More on Speeding up the Survey Package: Adding the New C++ Functions to the Package

Following up on an earlier post about speeding up the {survey} package using {Rcpp} and {RcppArmadillo}, I show how the new, faster functions can be incorporated into the package along with accompanying unit tests. I also show how the speed of the original base R functions and the {Rcpp} versions scale as survey designs increase in size.

statistics
surveys
R
survey package
Author
Published

October 21, 2022

In an earlier post on this blog, I showed that the {survey} package’s speed can be drastically improved by using {Rcpp}. In that post, I focused on developing {Rcpp} versions of two key functions which are the primary speed bottleneck of the package: survey:::multistage() and survey:::onestage() (described in an earlier post). Today’s post takes the further step of showing how to actually incorporate these functions into the {survey} package. We’ll see precisely where and how the {Rcpp} functions can be added into the package’s structure, and we’ll also introduce a unit test script to ensure that the new {Rcpp} functions yield the expected results.

To motivate all this, I’ll start by showing speed benchmarks of the original functions and their {Rcpp} versions across a range of data sizes to understand when we should expect to see speed improvements. The TL;DR of this benchmarking is that the {Rcpp}-based functions are generally faster regardless of design size, and they scale much better as the number of PSUs or strata increases. The relative speed increase is much smaller though if a covariance matrix is being estimated for a large number of variables (say, 100).

Speed Benchmarking

Benchmarking the multistage() functions

To understand the relative speed performance of the base R and {Rcpp} versions of multistage(), I calculated the run time required to estimate the variance of a total for a range of different sizes of survey designs. The different sizes of survey designs I compared varied in terms of:

  1. The number of strata (1, 5, 10, 15, 20, 30)
  2. The number of PSUs per stratum (5, 10, 25, 50, 100, 500, 1,000, 2,500, 5,000, 10,000)
  3. The number of stages of sampling (1 or 2)
  4. The number of variables whose variances/covariances are to be estimated (1 or 100)
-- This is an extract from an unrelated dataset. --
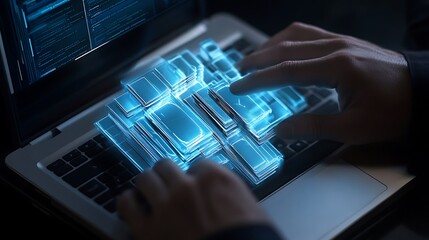 Typing on Illuminated Keyboard with Abstract Graphics, Data Processing and Digital Technology Concepts Shown.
For each design size, I replicated the use of multistage() 30 times and calculated the median run time.

Click for code and more details about the benchmarking data

Datasets were constructing starting from the mu284 example dataset included in the {survey} package (type ?mu284 in R for details), which is an unstratified, two-stage sample with five PSUs and three SSUs within each PSU. To create larger designs, the mu284 dataset was duplicated as needed to create multiple strata and larger numbers of PSUs within each stratum. For example, to create a dataset with three strata and 10 PSUs per stratum, the mu284 dataset was duplicated six times, with each pair of duplicates grouped into different strata and the PSU ID labels updated to result in ten distinct PSUs per stratum.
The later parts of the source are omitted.